Providing employees with Internet access to total-compensation information can significantly reduce human resources costs, but few employers are offering Web-based HR, according to a survey by Watson Wyatt Worldwide, a financial consulting firm based in Washington, D.C.
"Employers have a great opportunity to leverage the Internet and increase the efficiency of their HR processes," says Amy Litten, personalized communication practice leader at Watson Wyatt. However, many employers haven't stepped up to the plate to take full advantage of what the Internet has to offer."
In its survey, Watson Wyatt found that 55% of the 135 surveyed employers offer workers Web access to personalized health-benefits information. Fewer than half, 46%, offer paycheck information online, and 16% provide online information about total compensation.
But the survey also revealed an increase in the number of Web-based HR transactions. According to the survey, 39% of 401(k)-savings-plan transactions now take place on the Web, up from 30% in 2002. Additionally, 24% of health- and welfare-benefit transactions and 16% of life-events transactions, such as marriages, births and retirement, are managed online.
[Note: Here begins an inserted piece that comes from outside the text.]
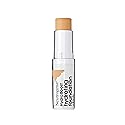 Neutrogena Hydro Boost Hydrating Foundation Stick with Hyaluronic Acid, Oil-Free & Non-Comedogenic Moisturizing Makeup for Smooth Coverage Beauty & Personal Care Neutrogena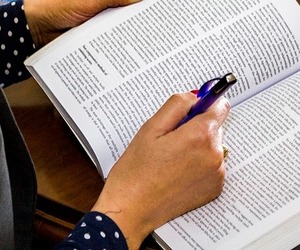 COVID-19 Temporary Relief Scheme and UIF FAQs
These figures are up from 20% and 5%, respectively, in 2002.
Companies that offer Web-based HR are realizing the benefits, according to Gary Kilzer, East Division leader of Watson Wyatt's technology solutions practice.
"The best-practice companies understand that web-based automation can significantly streamline the cost of HR operations," he says. "In addition, our 2005 Human Capital Index confirms that organizations that process a higher percentage of their personal detail changes, benefits, retirement and stock-option/stock-plan transactions online outperform other firms financially by a significant margin."